*** Data in this exercise ***

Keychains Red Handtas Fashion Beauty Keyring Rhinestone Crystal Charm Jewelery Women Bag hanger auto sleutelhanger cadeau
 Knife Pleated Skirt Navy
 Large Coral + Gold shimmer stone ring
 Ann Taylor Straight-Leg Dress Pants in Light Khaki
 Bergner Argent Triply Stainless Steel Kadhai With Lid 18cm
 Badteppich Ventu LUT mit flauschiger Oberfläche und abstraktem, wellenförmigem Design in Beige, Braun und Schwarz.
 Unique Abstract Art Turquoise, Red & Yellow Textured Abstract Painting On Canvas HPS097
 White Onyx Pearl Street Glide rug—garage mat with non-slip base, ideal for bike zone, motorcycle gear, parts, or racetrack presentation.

*** End of Data in this exercise ***

■ What the exercise asks ■
Please give back only the lines starting with the one that contains "Badteppich Ventu LUT" and ending with the last line of the listing, retyped exactly.

■ Result of the exercise ■
 Badteppich Ventu LUT mit flauschiger Oberfläche und abstraktem, wellenförmigem Design in Beige, Braun und Schwarz.
 Unique Abstract Art Turquoise, Red & Yellow Textured Abstract Painting On Canvas HPS097
 White Onyx Pearl Street Glide rug—garage mat with non-slip base, ideal for bike zone, motorcycle gear, parts, or racetrack presentation.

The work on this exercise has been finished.